Background: Nɛ-homocysteinyl-lysine (Nɛ-Hcy-Lys), a product of proteolysis of Nɛ-homocysteinylated proteins, has been discovered recently. We sought to investigate the presence of Nɛ-Hcy-Lys in patients on long-term hemodialysis (HD) and its association with markers involved in atherosclerotic vascular disease.
Methods: We studied 86 patients on long-term (median, 45 months) HD and 95 apparently healthy controls. Nɛ-Hcy-Lys and total homocysteine (tHcy) were assayed using high-performance liquid chromatography. Paraoxonase 1 (PON1), asymmetric dimethylarginine (ADMA), folate, 8-isoprostaglandin F2α(8-iso-PGF2α), plasminogen activator inhibitor-1 (PAI-1), C-reactive protein (CRP), together with antibodies against Nɛ-homocysteinylated albumin and hemoglobin, were also measured.

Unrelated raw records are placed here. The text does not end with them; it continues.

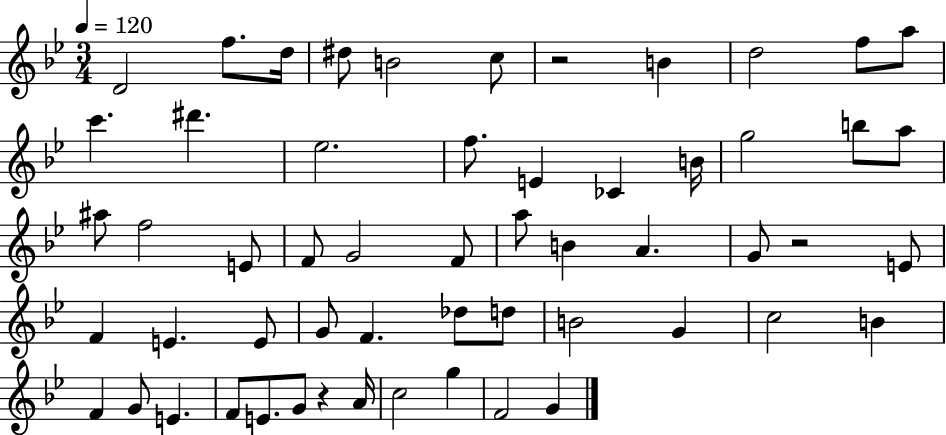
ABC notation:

X:1
T:Untitled
M:3/4
L:1/4
K:Bb
D2 f/2 d/4 ^d/2 B2 c/2 z2 B d2 f/2 a/2 c' ^d' _e2 f/2 E _C B/4 g2 b/2 a/2 ^a/2 f2 E/2 F/2 G2 F/2 a/2 B A G/2 z2 E/2 F E E/2 G/2 F _d/2 d/2 B2 G c2 B F G/2 E F/2 E/2 G/2 z A/4 c2 g F2 G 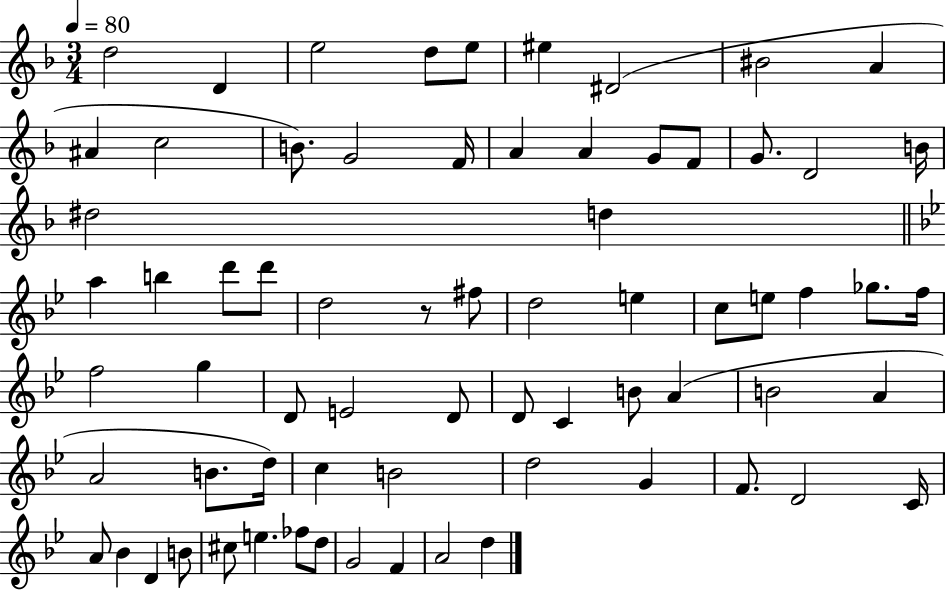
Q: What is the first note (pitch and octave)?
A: D5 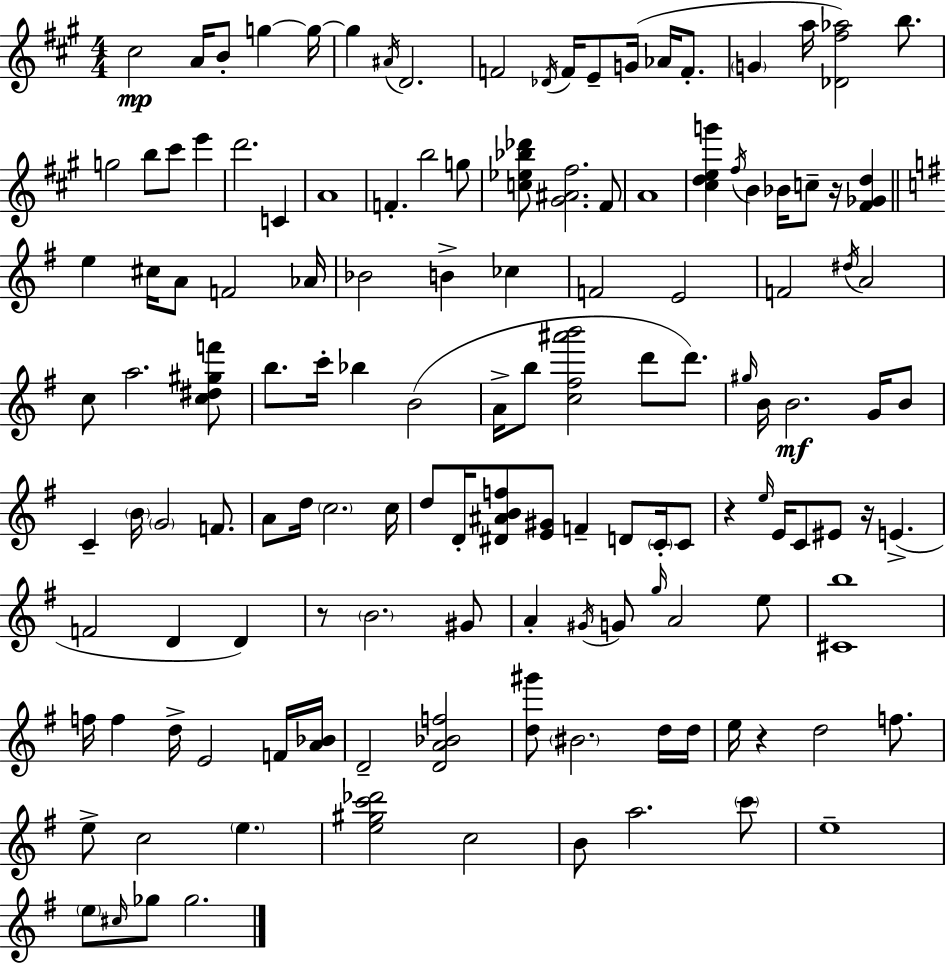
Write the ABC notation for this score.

X:1
T:Untitled
M:4/4
L:1/4
K:A
^c2 A/4 B/2 g g/4 g ^A/4 D2 F2 _D/4 F/4 E/2 G/4 _A/4 F/2 G a/4 [_D^f_a]2 b/2 g2 b/2 ^c'/2 e' d'2 C A4 F b2 g/2 [c_e_b_d']/2 [^G^A^f]2 ^F/2 A4 [^cdeg'] ^f/4 B _B/4 c/2 z/4 [^F_Gd] e ^c/4 A/2 F2 _A/4 _B2 B _c F2 E2 F2 ^d/4 A2 c/2 a2 [c^d^gf']/2 b/2 c'/4 _b B2 A/4 b/2 [c^f^a'b']2 d'/2 d'/2 ^g/4 B/4 B2 G/4 B/2 C B/4 G2 F/2 A/2 d/4 c2 c/4 d/2 D/4 [^D^ABf]/2 [E^G]/2 F D/2 C/4 C/2 z e/4 E/4 C/2 ^E/2 z/4 E F2 D D z/2 B2 ^G/2 A ^G/4 G/2 g/4 A2 e/2 [^Cb]4 f/4 f d/4 E2 F/4 [A_B]/4 D2 [DA_Bf]2 [d^g']/2 ^B2 d/4 d/4 e/4 z d2 f/2 e/2 c2 e [e^gc'_d']2 c2 B/2 a2 c'/2 e4 e/2 ^c/4 _g/2 _g2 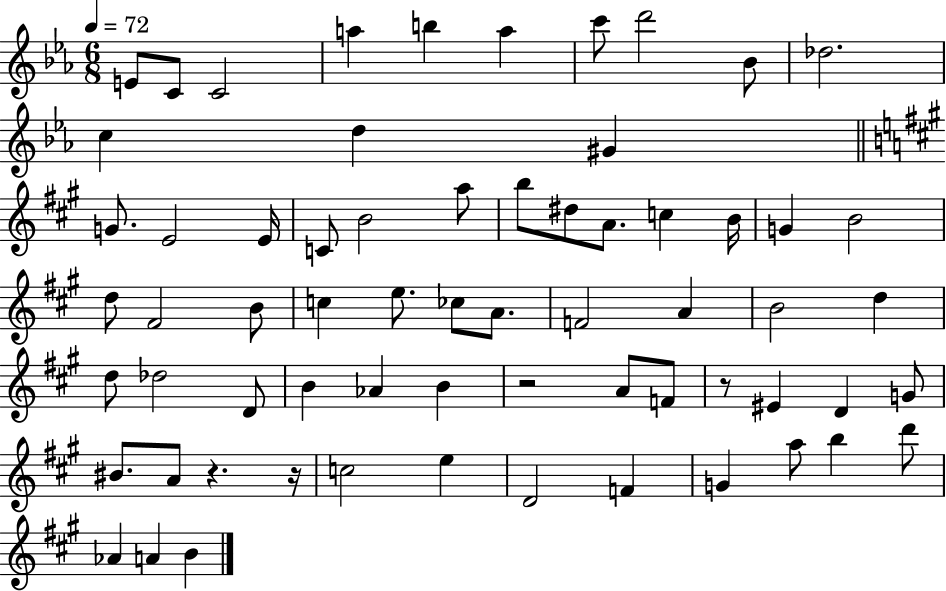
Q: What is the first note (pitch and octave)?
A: E4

Results: Nɛ-Hcy-Lys was detected in 15 HD patients (17.4%). Those patients had 3.1-times lower PON1 (p<0.0001), 20% higher ADMA (p<0.0001), 30% higher PAI-1 (p<0.0001), 10% lower total cholesterol (p=0.001) and LDL-cholesterol (p<0.0001), together with 20% lower triglycerides (p<0.0001) compared with subjects without measurable Nɛ-Hcy-Lys. Nɛ-Hcy-Lys levels correlated with PON1 (r=–0.62, p<0.0001), ADMA (r=0.58, p<0.0001) and PAI-1 (r=0.59, p<0.0001). Folic acid supplementation, tHcy, folate, autoimmune response to Nɛ-Hcy-proteins, and oxidative stress were not associated with the presence of Nɛ-Hcy-Lys. PON1 is the only independent predictor of the presence of Nɛ-Hcy-Lys in HD patients. None of controls had measurable Nɛ-Hcy-Lys in serum.
Conclusion: The presence of Nɛ-Hcy-Lys in HD patients is relatively infrequent and associated with lipid profile, endothelial dysfunction and impaired fibrinolysis, regardless of tHcy and folate levels.